Avocado, cherry tomato, and cucumber salad with red pepper and parsley

21 September 2011

Last week, fall swept over the city with a single large gust. The temperature dropped about 10 degrees (Fahrenheit) in one afternoon and everyone rushed home – or wished they had – to change into coats and boots for the evening.

But, unlike New York summers that don’t give spring a chance and usually arrive overnight, in New York fall flirts with summer for weeks before finally settling in sometime before Thanksgiving.

So, on this rather grey morning but with full confidence in many more beautiful Indian summer days, here is a great salad that’s crunchy and fresh but also lush with avocado. It takes five minutes to prepare and goes well with a quick lunch – grilled fish, seared steak – or any-way eggs for brunch.


2 small seedless cucumbers

1 red pepper

About 12 cherry tomatoes

A small handful flat-leaved parsley

1 avocado

Juice from 1/2 lemon

2 Tbsps very good olive oil

Flaky sea salt

Pinch cayenne pepper


Wash the cucumbers, cut them in half lengthways then into 1/2 inch (1 cm) slices and place in salad bowl.

Wash and cut the red pepper in half.

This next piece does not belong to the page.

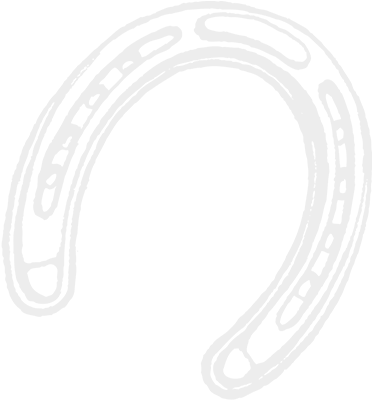 Your Horse On Canvas - Circle (400x400)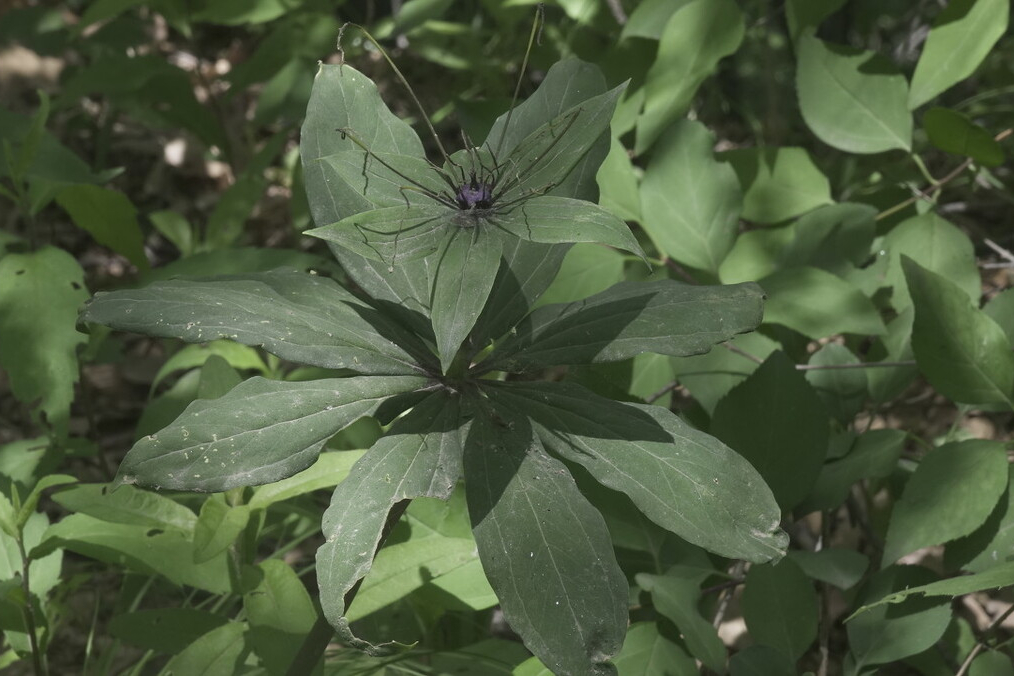 七叶一枝花种植方法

Remove the seeds, then cut into 1 inch (2 cm) strips and again into 1/2 inch (1 cm) pieces and place into the salad bowl.

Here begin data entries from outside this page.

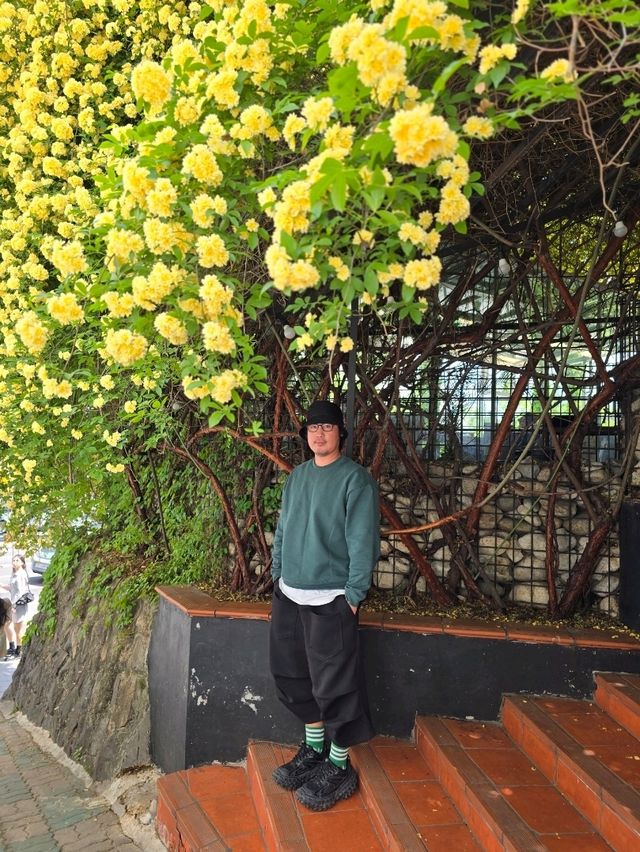이번 연휴 꼭 가야할 대구 목향장미 명소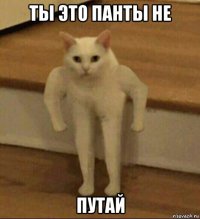 ты это панты не путай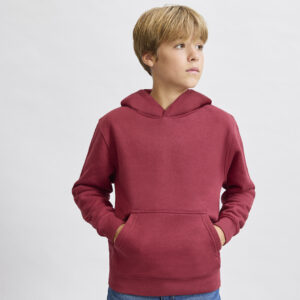 21954 Sudadera Niño Draco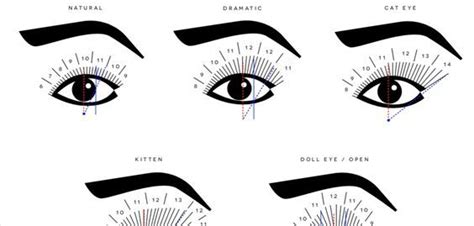 Eyelash Extension Chart Curl Diameter And Lengths Bl Lashes Artofit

Wash and cut the tomatoes in half, add them to the bowl.

Wash the parsley, pick the leaves from the stems, and coarsely chop the leaves into the bowl.

Slice the avocado in half lengthwise; open it up and remove the stone. With a small sharp knife, cut the flesh of the avocado into 1/2 inch (1 cm) dice, stopping before the skin, then, with a large spoon, scoop out the flesh into the salad.

Dress the salad with the lemon juice, olive oil, salt, and cayenne pepper. Toss, check seasoning, adjust, and serve.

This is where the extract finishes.